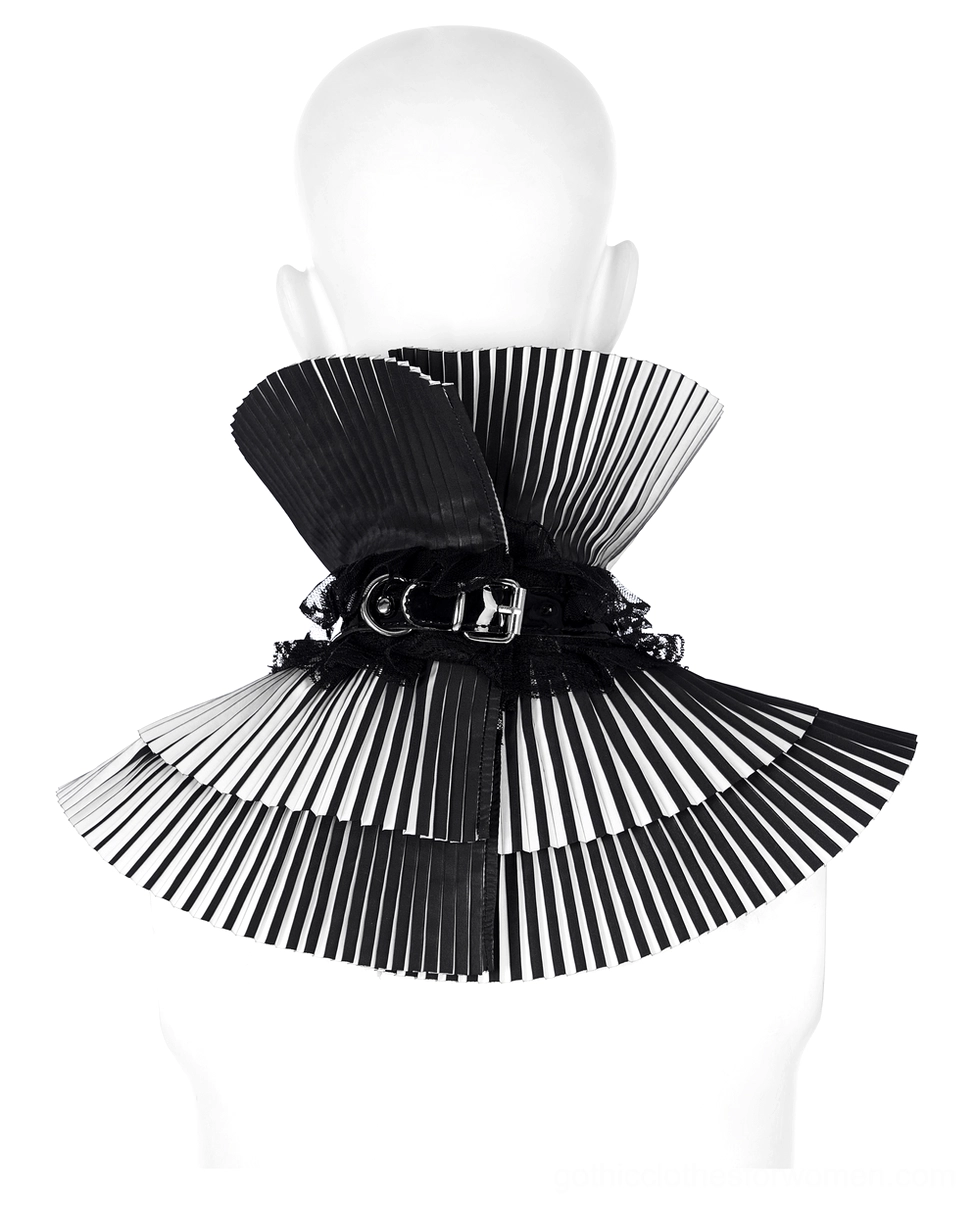 Rear view of gothic detachable choker showing fan-shaped striped hem and metal hardware details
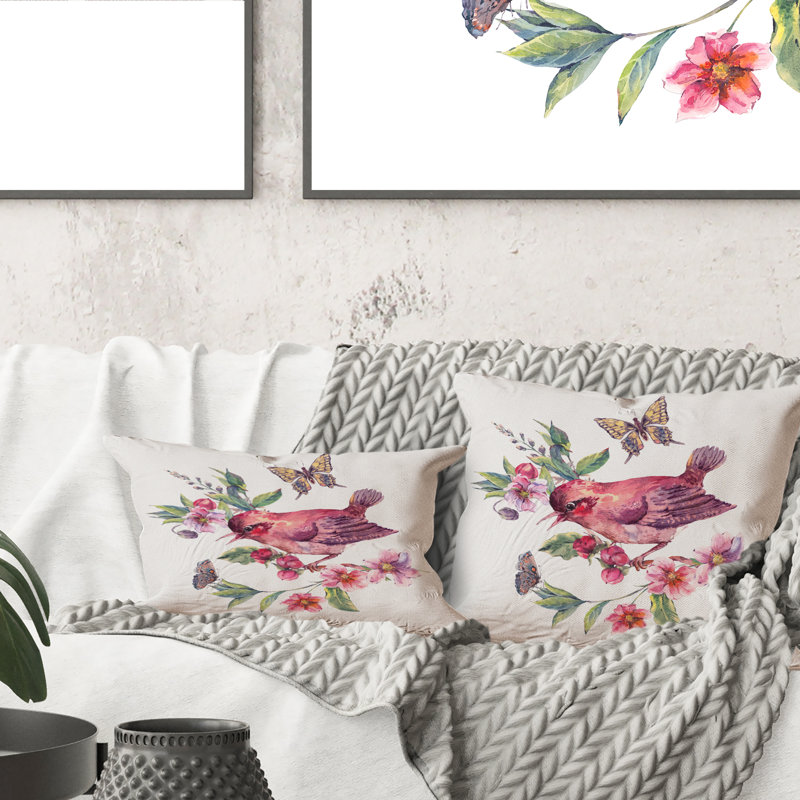 Coussin décoratif imprimé oiseau sur une branche en fleurs I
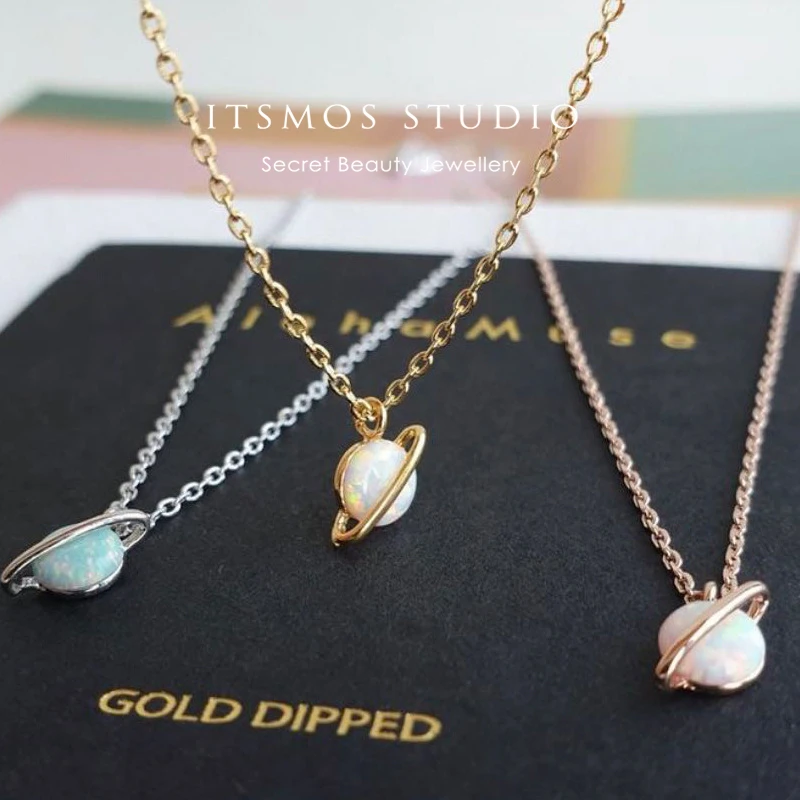 

ITSMOS Saturn Opal Pendant Necklace Female Opal Luxury Choker 14K Gold Plated Vintage Jewelry Necklace for Women Gift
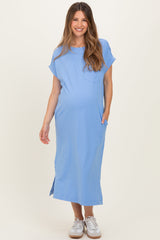 Cornflower Blue Pocket Front Maternity Midi T-Shirt Dress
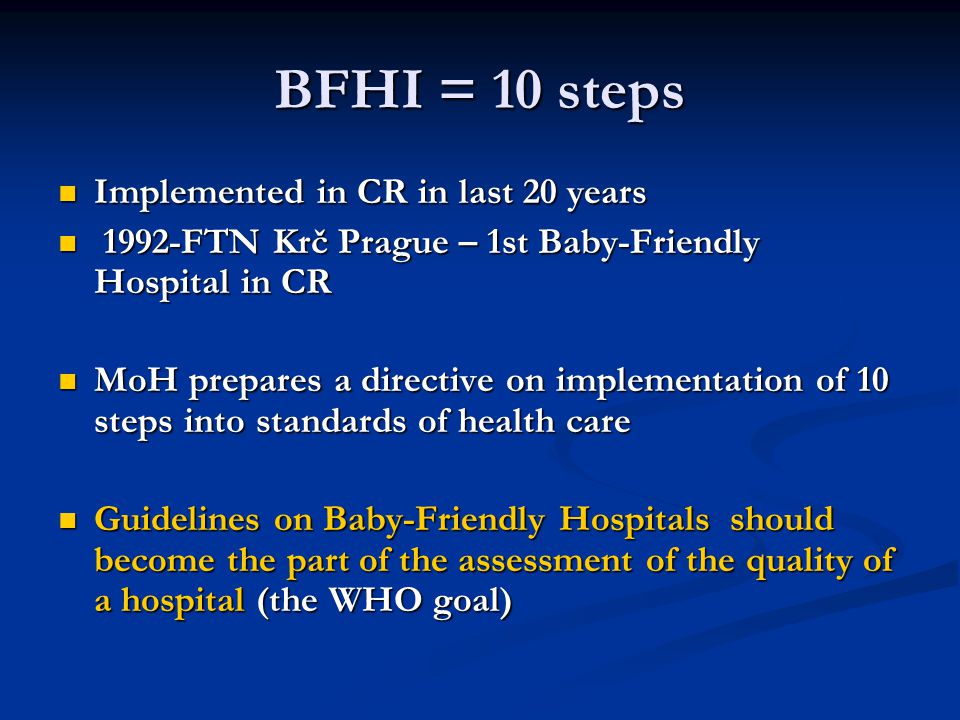 Bfhi Baby Friendly Hospital Initiative Ppt Video Online Download World health organization (who) and the united nations children's fund (unicef). bfhi baby friendly hospital initiative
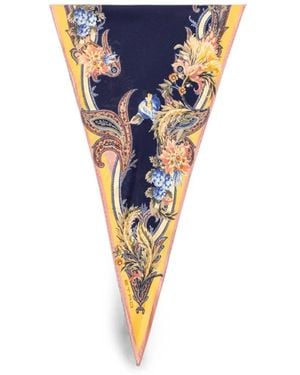 Etro Asymmetric Paisley-Print Scarf - Blue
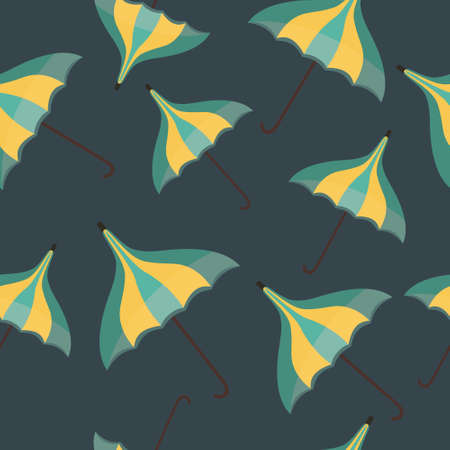 Seamless pattern with a flying chaotically umbrellas. Yellow and turquoise umbrellas on the dark blue background. Design element for web and print usage.のイラスト素材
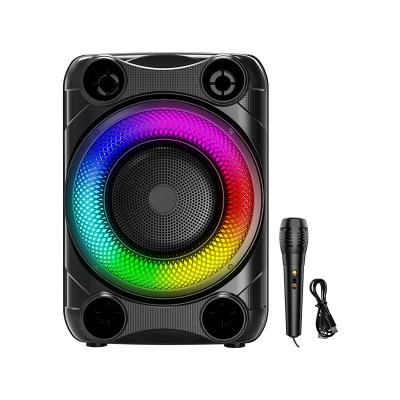 중국 SING-E ZQS8148 8 Inch Portable Subwoofer Super Bass Speaker With Colorful RGB Lights Support Wired MIC Karaoke DJ Speaker 판매용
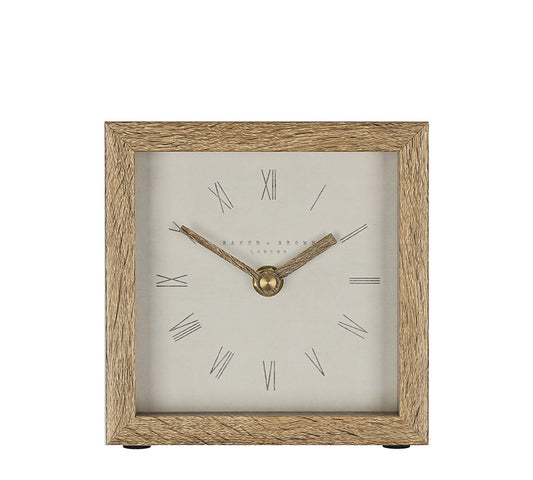 Επιτραπέζιο ρολόι σε απομίμηση ξύλου λευκό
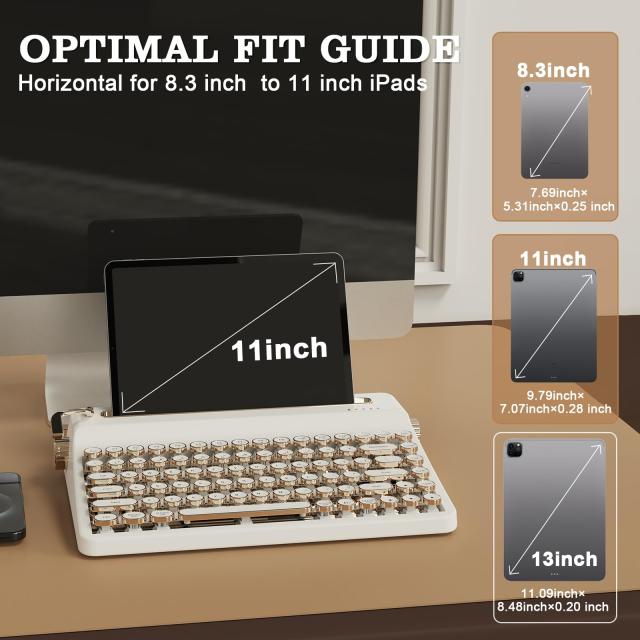 YUNZII QL75 タイプライターキーボード ワイヤレス レトロメカニカルキーボード ホットスワップ対応 パンクスタイルの丸型キーキャップ R_8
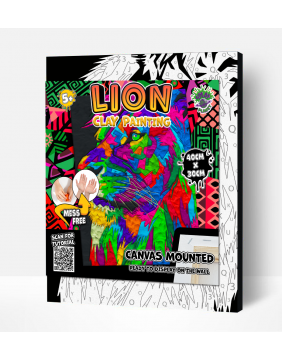 Splat Planet paveikslas iš modelino, Liūtas 30x40cm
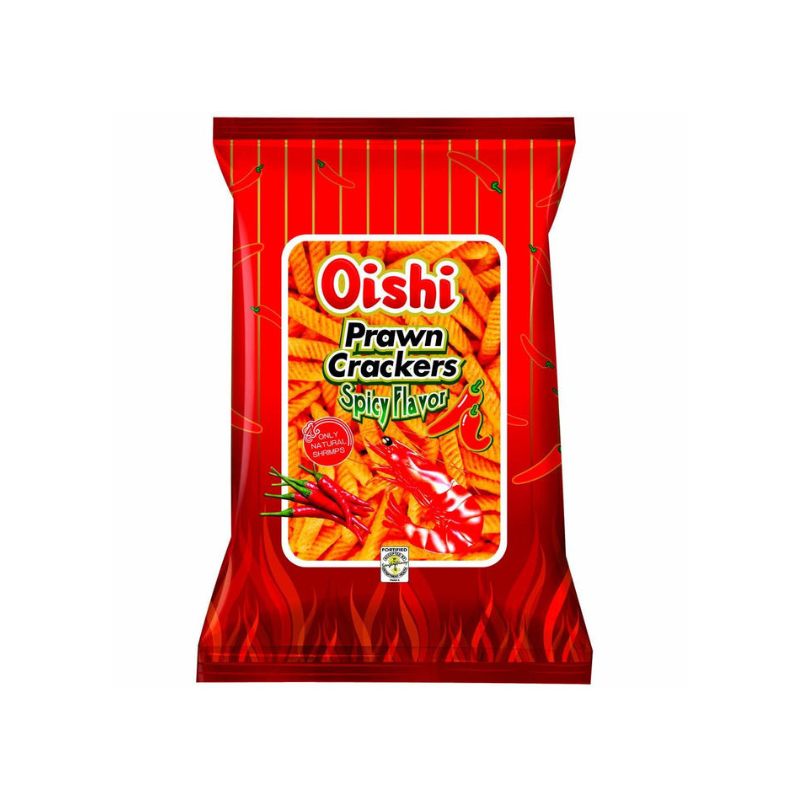 Oishi Prawn Crackers Spicy Flavor Snacks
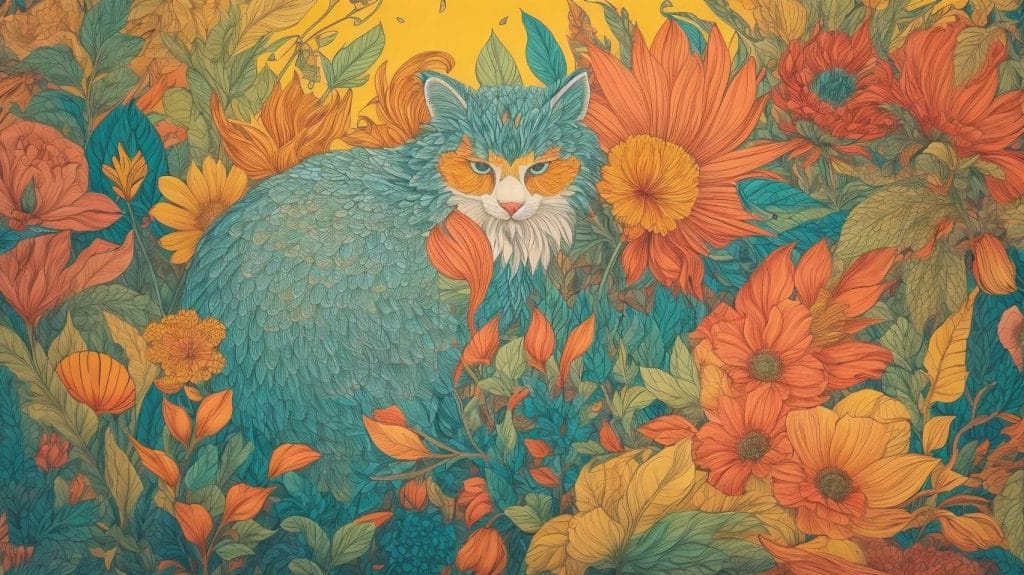 Make an illustration of a cat in a field of flowers for a coloring book.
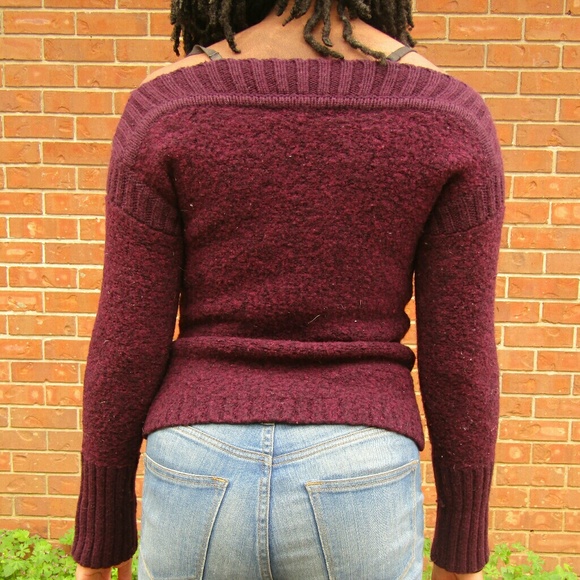 Plum/Burgundy,  Off-Shoulder,  Long Sleeve Top - Picture 2 of 2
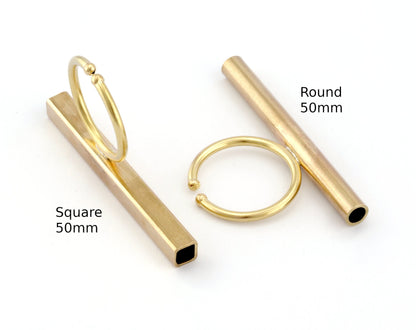 Square Round Tube Adjustable Ring Blank - Raw Brass (50mm Tube ) 4917 - 5037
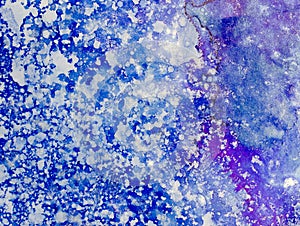 Blue and Purple Abstract Ink Splatter Background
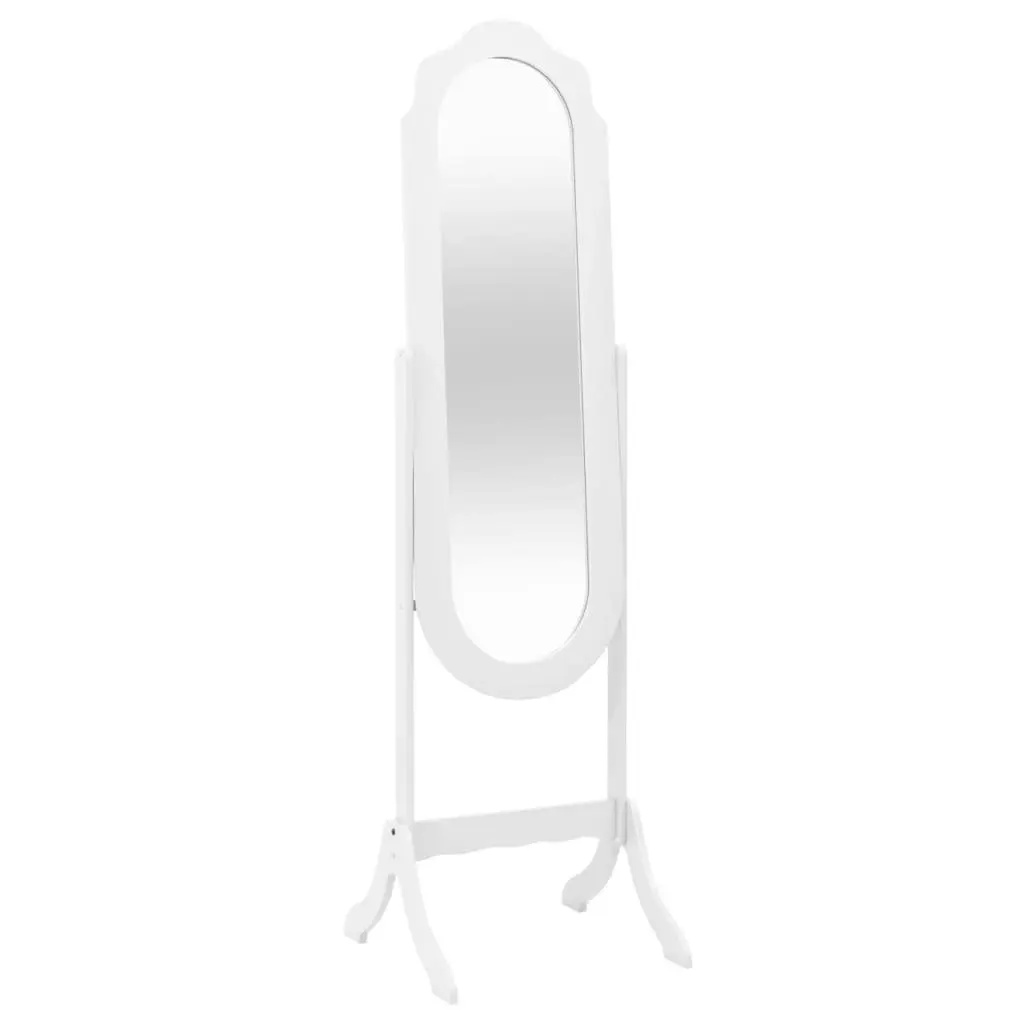 Free Standing Mirror White 45.5x47.5x160 cm Engineered Wood 353904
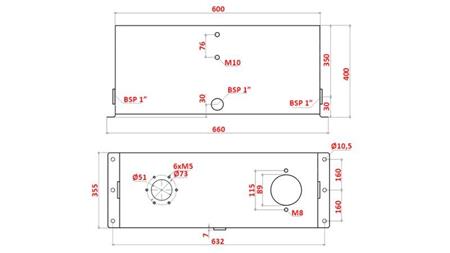 METALL OLJETANK 75 LITER KUBE 400x355x600mm FORBEREDELSE FOR SUKKEFILTER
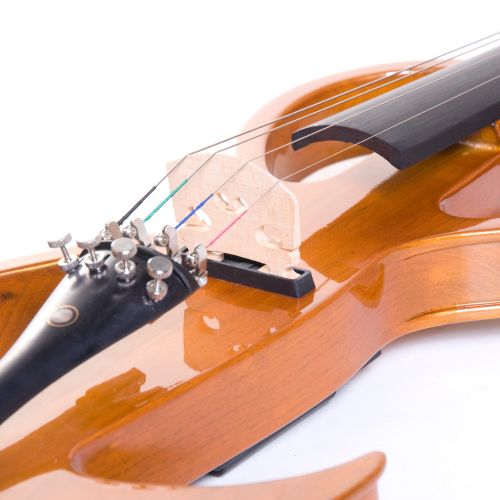  Cecilio 44 CEVN-3Y Solidwood Metallic Yellow Maple ElectricSilent Violin with Ebony Fittings-Full Size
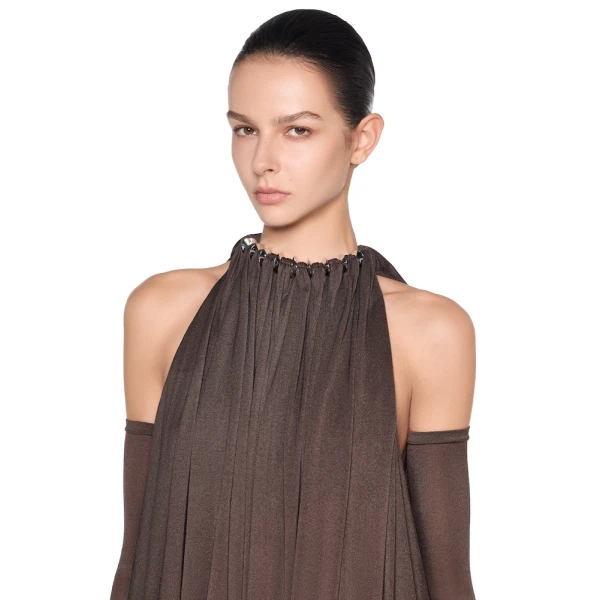 CHATS by C.Dam Rosalind Top and Skirt Set in Brown | Sleeveless | Coveti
• • • • •
▸ Problem requirements
All lines from the one with "Blue and Purple" through the end of the records above must be reproduced exactly, both ends included, and the pictures must be left out.

▸ Answer section
 Blue and Purple Abstract Ink Splatter Background
 Free Standing Mirror White 45.5x47.5x160 cm Engineered Wood 353904
 METALL OLJETANK 75 LITER KUBE 400x355x600mm FORBEREDELSE FOR SUKKEFILTER
  Cecilio 44 CEVN-3Y Solidwood Metallic Yellow Maple ElectricSilent Violin with Ebony Fittings-Full Size
 CHATS by C.Dam Rosalind Top and Skirt Set in Brown | Sleeveless | Coveti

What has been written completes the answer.